Rebus stubbed out the cigarette. “King did give me a couple of names, guys who were there when he stabbed the victim.”

“The victim being?”

“Johnny Greene. The murder was in the papers. Frightened the life out of King and that was the end of his Mod days.”

“And the others who were with him?”

“He never saw them again. Part of the deal he seems to have made with himself.”

“Fifty years he's been living with this . . .”

“Living
and
dying with it.”

“If he'd confessed at the time, he'd have served his sentence and been rid of it.”

“I thought it best not to bring that up with him.”

He heard her sigh. “I'll find you someone in Brighton,” she eventually said. “A burden shared and all that.”

He thanked her and ended the call, then slipped the first of
Quadrophenia
's two discs out of its sleeve and placed it on the deck. He'd never been a Mod, couldn't recall ever
seeing
a Mod, but at one time he'd known this record well. He poured himself a malt and turned up the volume.

FOR THE FIRST TIME IN
several months, after an unusually high spate of murders in the city of Brighton this spring, Roy Grace finally had some time to concentrate on cold case reviews, which was part of his remit in the recent merger of the Sussex and Surrey Major Crime branches. He had just settled at a desk in the cold case office when DS Norman Potting entered without knocking, as usual, his bad comb-over looking thinner than ever and reeking, as normal, of pipe tobacco smoke. He was holding an open notepad.

“Had an interesting call earlier this morning from a DI in Scotland, Chief, name of Siobhan Clarke. Pity is, she had an English accent. I've always fancied a bit of Scottish tottie.”

Grace raised his eyes. “And?”

“One of her colleagues went to see a bloke in hospital in Edinburgh—apparently terminally ill, wanted to make a deathbed confession about killing a Rocker in Brighton in the summer of sixty-four.”

“Nineteen sixty-four? That far back, and he's dying—why couldn't he keep his trap shut?”

“Maybe he reckons he'll avoid hell this way.”

Grace shook his head. He'd never really got this religious thing about confession and forgiveness. “Just your era, wasn't it, Norman?”

“Ha!”

Potting was fifty-five but with his shapeless frame and flaccid face could have passed for someone a good decade older.

“I've had dealings with Edinburgh.
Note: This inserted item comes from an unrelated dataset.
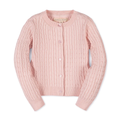 Organic Classic Cable Cardigan - PINK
Don't know anyone called Clarke, though.”

Potting looked down at his notebook. “Colleague's name is Rebus.”

“Now
that
name I do know. He worked the Wolfman killings in London. Thought he'd be retired by now.”

“That was definitely the name she gave.”

“So what else did she say?”

“The deathbed confession belongs to one James Ronald King. He was a Mod back then. The bloke he killed is Johnny Greene.”

A phone rang at one of the three unoccupied desks in the office. Grace ignored it. The walls all around were stickered in photographs of victims of murders that had never been solved, crime scene photographs, and yellowing newspaper cuttings. “How did he kill him?”

“Stabbed him with a kitchen knife—says he took it with him for protection.”

“A real little soldier,” Grace said sarcastically. “Have you checked back to see if there's any truth in it?”

“I have, Chief!” Potting said proudly. “It's one of the things DI Clarke asked me to find out. A Johnny Earl Greene died during the Mods versus Rocker clashes on May 19, 1964. It was one of the worst weekends of violence of that whole era.”

Grace turned to a fresh page in his policy book and made some notes. “First thing is to get the postmortem records on Greene and a mugshot and send them up to Scotland so Mr. King can make a positive ID of his victim—if he wasn't too wasted at the time to remember.”

“I've already requested them from the coroner's office, Chief,” Potting responded. “I've also put a request in to the Royal Sussex County Hospital for their records at the time. He might have been brought in there if he wasn't dead at the scene.”